Актрису звали Эмма Цесарская. Она была кинозвездой, первой советской кинозвездой, прославившейся еще до Любови Орловой и других знаменитых киноактрис 1930-х, и, наконец, просто красавицей. После трех часов разговора и трех чашек чаю, Эмма призналась американцу, что порой «боялась смотреть в зеркало, так была красива».
Майкл Гелб явился порасспросить ее о событиях, с момента которых прошло больше полувека. А, точнее, о ее отношениях с американским инженером, когда-то приехавшим в СССР главным образом за тем, чтобы с нею встретиться. Гость вслух перевел какие-то отрывки из его мемуаров, и Цесарская не стала скрывать, что тронута и польщена прочитанным. Разумеется, она помнила этого человека. Особенно запомнилась глупое выражение его лица при первой встрече в 1932 году, где-то рядом с Кузнецким мостом. Поначалу она приняла его за одного из множества назойливых поклонников и попыталась поскорее избавиться, но потом они подружились. Нет, что вы, что вы, она никогда его не любила.
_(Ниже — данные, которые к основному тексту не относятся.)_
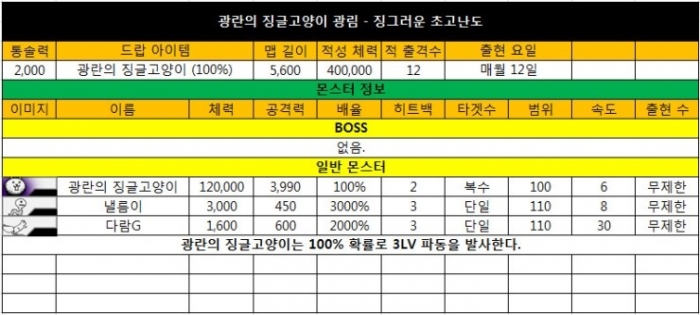 4ê´ì§0.jpg/hungryapp/resize/500/hungryapp/resize/500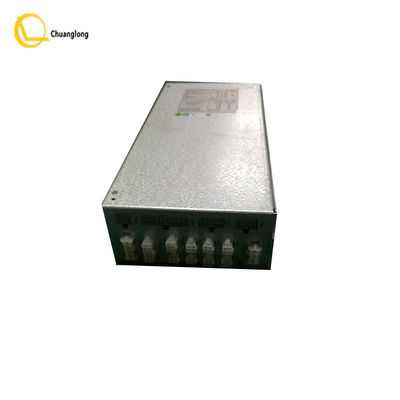 Prezzo buono Rifornimento di alimentazione di rete di 5621000002 Nautilus Hyosung 250W 5600 5500 5300 in linea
Весна 1932 года, Атлантический океан:
23 марта 1932 года пароход «Бремен» вышел из Нью-Йорка в Атлантику. Одним из пассажиров был молодой человек приятной наружности и атлетического телосложения, теннисист и боксер-любитель. Лицо молодого человека, тем не менее, выдавало интеллектуала, так что он не мог не привлекать внимания пассажиров, прогуливавшихся по верхней прогулочной палубе. По всей ее длине палубы стояли спасательные моторные шлюпки с полными баками. Упоминаю их для того, чтобы читатель знал, «Бремен» был самым безопасным трансатлантическим лайнером того времени. Прошло двадцать лет после трагической гибели «Титаника», и безопасности уделялось самое серьезное внимание.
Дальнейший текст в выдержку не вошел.